Em resposta aos ataques EUA-Israel que começaram em 28 de Fevereiro e ao assassinato de importantes figuras iranianas, incluindo o Líder Supremo Ali Khamenei, o Irão lançou centenas de mísseis balísticos e drones contra Israel e instalações dos EUA em países do Golfo.
Embora Israel e as nações do Golfo tenham interceptado muitos destes mísseis, vários violaram as defesas dos países, causando danos e vítimas significativos.
Embora os EUA possam bloquear ou negar o acesso ao Sistema de Posicionamento Global (GPS), propriedade do governo dos EUA, no qual os militares iranianos anteriormente dependiam, não podem fazer muito para interferir no sistema BeiDou da China, se é isso que o Irão está a usar.
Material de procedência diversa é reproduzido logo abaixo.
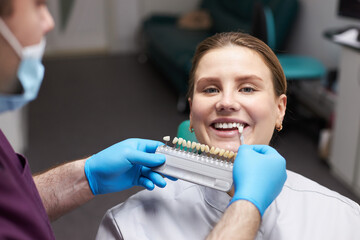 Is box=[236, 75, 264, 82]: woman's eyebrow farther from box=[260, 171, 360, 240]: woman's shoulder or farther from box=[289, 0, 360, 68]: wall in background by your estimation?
box=[289, 0, 360, 68]: wall in background

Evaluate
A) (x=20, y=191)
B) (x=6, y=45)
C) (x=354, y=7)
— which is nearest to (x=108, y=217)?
(x=20, y=191)

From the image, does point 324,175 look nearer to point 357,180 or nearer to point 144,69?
point 357,180

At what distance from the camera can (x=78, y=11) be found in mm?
5793

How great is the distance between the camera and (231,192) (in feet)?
3.41

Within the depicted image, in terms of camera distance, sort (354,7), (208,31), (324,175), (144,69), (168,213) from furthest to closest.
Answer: (144,69) → (208,31) → (354,7) → (324,175) → (168,213)

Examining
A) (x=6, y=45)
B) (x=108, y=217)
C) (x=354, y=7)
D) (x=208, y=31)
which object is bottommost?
(x=208, y=31)

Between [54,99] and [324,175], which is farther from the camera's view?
[54,99]

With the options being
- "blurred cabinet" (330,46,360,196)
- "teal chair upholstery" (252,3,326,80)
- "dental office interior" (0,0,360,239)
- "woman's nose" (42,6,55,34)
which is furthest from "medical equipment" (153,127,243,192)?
"blurred cabinet" (330,46,360,196)

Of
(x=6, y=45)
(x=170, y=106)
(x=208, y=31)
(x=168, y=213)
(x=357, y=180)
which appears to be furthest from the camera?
(x=208, y=31)

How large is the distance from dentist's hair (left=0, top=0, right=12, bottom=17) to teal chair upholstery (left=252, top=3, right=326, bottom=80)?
1786 millimetres

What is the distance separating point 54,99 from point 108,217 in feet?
10.8

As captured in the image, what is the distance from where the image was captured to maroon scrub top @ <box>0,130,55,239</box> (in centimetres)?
72

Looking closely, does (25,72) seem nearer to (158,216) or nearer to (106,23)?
(158,216)

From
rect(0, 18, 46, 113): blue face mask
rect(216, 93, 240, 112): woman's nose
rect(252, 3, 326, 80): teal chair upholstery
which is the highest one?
rect(0, 18, 46, 113): blue face mask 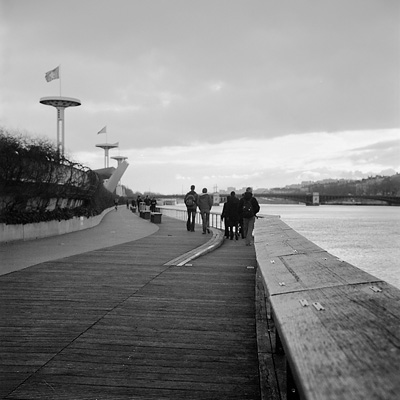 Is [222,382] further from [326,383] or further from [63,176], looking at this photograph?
[63,176]

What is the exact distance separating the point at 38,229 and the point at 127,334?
36.5 ft

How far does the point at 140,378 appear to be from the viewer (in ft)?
11.5

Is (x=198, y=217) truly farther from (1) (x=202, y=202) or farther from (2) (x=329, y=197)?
(2) (x=329, y=197)

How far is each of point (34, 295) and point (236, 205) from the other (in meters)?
9.83

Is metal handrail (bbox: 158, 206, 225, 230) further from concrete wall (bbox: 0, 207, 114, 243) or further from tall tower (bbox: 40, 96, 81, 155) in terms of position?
tall tower (bbox: 40, 96, 81, 155)

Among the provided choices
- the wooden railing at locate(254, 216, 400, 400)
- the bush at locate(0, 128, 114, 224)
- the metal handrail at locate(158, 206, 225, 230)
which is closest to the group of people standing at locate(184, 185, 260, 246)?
the metal handrail at locate(158, 206, 225, 230)

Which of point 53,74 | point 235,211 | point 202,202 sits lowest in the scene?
point 235,211

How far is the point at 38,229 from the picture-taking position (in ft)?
48.9

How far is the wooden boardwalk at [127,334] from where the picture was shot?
132 inches

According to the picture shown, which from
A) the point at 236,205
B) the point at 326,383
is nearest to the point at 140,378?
the point at 326,383

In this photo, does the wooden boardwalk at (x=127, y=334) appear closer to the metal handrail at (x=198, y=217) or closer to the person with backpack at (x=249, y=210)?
the person with backpack at (x=249, y=210)

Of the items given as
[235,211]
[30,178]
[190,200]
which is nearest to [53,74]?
[190,200]

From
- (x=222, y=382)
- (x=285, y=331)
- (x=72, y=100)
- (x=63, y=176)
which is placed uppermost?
(x=72, y=100)

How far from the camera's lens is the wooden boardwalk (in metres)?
3.37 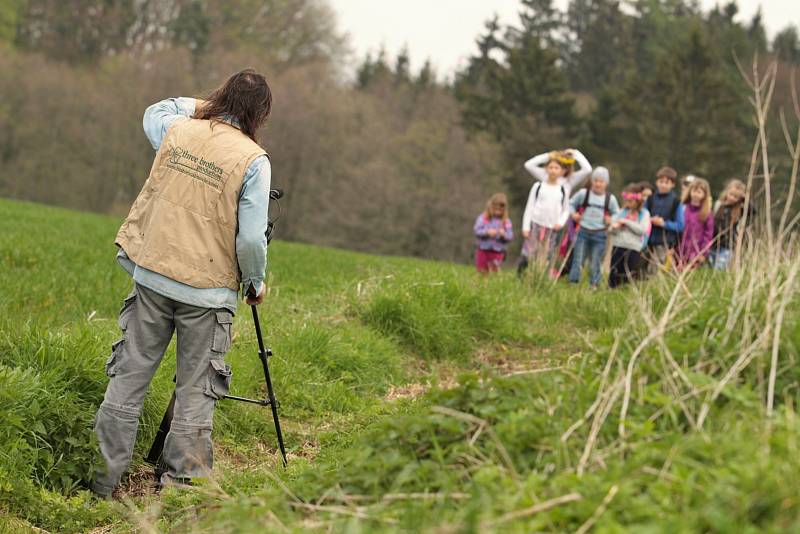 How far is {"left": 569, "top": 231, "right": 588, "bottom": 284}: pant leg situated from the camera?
1153 centimetres

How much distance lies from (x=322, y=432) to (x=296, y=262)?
10.5m

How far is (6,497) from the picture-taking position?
4500mm

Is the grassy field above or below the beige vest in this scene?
below

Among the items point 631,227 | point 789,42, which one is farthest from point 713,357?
point 789,42

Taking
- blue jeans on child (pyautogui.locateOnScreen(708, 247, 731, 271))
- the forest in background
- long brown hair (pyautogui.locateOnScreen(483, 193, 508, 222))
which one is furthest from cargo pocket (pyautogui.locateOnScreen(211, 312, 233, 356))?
the forest in background

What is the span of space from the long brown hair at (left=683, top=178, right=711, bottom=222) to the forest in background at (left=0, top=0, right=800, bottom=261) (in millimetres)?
29548

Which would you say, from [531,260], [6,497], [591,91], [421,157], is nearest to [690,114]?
[421,157]

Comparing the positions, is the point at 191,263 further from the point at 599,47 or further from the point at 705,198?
the point at 599,47

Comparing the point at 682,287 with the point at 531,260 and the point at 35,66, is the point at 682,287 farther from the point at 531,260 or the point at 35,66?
the point at 35,66

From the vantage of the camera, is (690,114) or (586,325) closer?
(586,325)

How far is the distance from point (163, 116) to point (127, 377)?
4.99 ft

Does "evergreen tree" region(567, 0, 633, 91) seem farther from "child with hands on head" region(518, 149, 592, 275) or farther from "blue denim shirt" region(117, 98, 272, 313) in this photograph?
"blue denim shirt" region(117, 98, 272, 313)

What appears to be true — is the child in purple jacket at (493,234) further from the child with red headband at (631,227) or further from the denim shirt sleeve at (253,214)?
the denim shirt sleeve at (253,214)

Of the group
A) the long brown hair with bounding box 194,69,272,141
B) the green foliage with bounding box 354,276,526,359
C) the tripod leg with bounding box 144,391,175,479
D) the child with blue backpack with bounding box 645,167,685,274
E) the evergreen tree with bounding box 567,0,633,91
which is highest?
the evergreen tree with bounding box 567,0,633,91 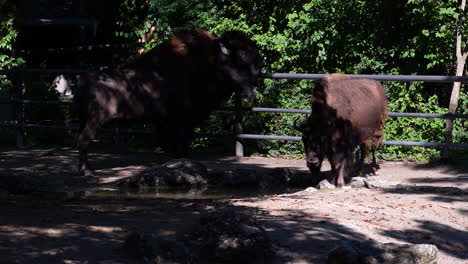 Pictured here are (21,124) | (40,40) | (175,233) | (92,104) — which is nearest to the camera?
(175,233)

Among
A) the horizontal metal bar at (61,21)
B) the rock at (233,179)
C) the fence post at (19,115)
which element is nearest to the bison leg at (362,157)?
the rock at (233,179)

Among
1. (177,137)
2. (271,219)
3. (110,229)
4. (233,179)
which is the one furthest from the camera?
(177,137)

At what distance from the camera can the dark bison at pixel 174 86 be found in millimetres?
9102

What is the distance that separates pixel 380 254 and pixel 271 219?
1459 millimetres

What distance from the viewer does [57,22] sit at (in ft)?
62.7

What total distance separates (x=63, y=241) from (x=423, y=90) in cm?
1050

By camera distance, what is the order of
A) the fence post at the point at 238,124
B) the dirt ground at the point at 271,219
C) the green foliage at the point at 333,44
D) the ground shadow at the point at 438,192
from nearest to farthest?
the dirt ground at the point at 271,219 < the ground shadow at the point at 438,192 < the fence post at the point at 238,124 < the green foliage at the point at 333,44

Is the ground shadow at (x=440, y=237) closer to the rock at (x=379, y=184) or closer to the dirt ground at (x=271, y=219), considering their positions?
the dirt ground at (x=271, y=219)

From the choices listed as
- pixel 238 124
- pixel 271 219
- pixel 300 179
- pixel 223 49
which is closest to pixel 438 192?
pixel 300 179

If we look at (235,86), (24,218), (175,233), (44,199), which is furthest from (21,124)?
(175,233)

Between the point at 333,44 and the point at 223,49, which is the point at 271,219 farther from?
the point at 333,44

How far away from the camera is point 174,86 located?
9617 mm

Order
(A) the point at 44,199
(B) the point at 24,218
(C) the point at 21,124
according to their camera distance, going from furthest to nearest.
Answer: (C) the point at 21,124
(A) the point at 44,199
(B) the point at 24,218

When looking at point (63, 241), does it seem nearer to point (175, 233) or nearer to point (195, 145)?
point (175, 233) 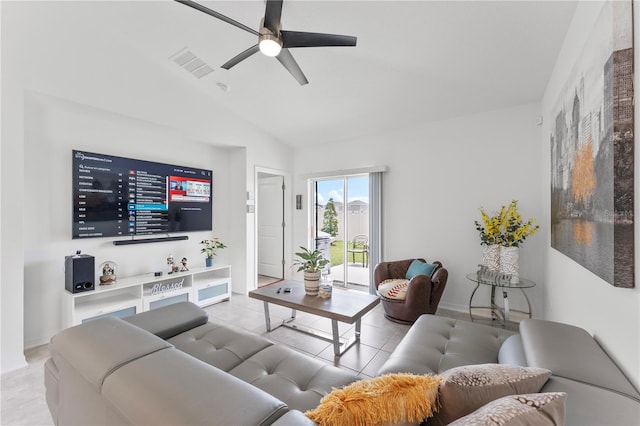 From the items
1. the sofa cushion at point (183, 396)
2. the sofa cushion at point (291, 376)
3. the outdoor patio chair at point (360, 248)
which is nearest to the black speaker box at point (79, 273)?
the sofa cushion at point (291, 376)

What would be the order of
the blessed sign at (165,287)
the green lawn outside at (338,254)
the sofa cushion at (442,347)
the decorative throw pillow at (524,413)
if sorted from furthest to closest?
1. the green lawn outside at (338,254)
2. the blessed sign at (165,287)
3. the sofa cushion at (442,347)
4. the decorative throw pillow at (524,413)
O Irã não confirmou nem comentou isso.
Aqui está o que sabemos sobre o BeiDou e se o potencial uso dele pelo Irã poderia marcar o fim do monopólio dos EUA na inteligência por satélite em tempo real no campo de batalha.
China lançado a versão mais recente de seu sistema de navegação por satélite, anunciado como rival do GPS, em 2020. O presidente chinês, Xi Jinping, encomendou oficialmente o sistema em uma cerimônia em julho de 2020 no Grande Salão do Povo em Pequim.
A China iniciou o desenvolvimento do seu próprio sistema de navegação por satélite após a crise de Taiwan em 1996, porque temia que Washington pudesse restringir o acesso ao GPS no futuro.
De acordo com o site do governo chinês BeiDou, o objetivo do sistema é “servir o mundo e beneficiar a humanidade”.
Crucialmente, o sistema da China utiliza muito mais satélites do que outros sistemas de navegação. De acordo com dados recolhidos pela equipa de dados AJ Labs da Al Jazeera, enquanto o sistema GPS dos EUA tem 24 satélites que lhe fornecem dados, o sistema chinês depende de 45. Os outros dois principais sistemas de navegação global são o GLONASS da Rússia e o sistema Galileo da União Europeia, cada um dos quais tem 24 satélites.
O site BeiDou disse que o sistema é composto por três segmentos – um segmento espacial, um segmento terrestre e um segmento de “usuário”.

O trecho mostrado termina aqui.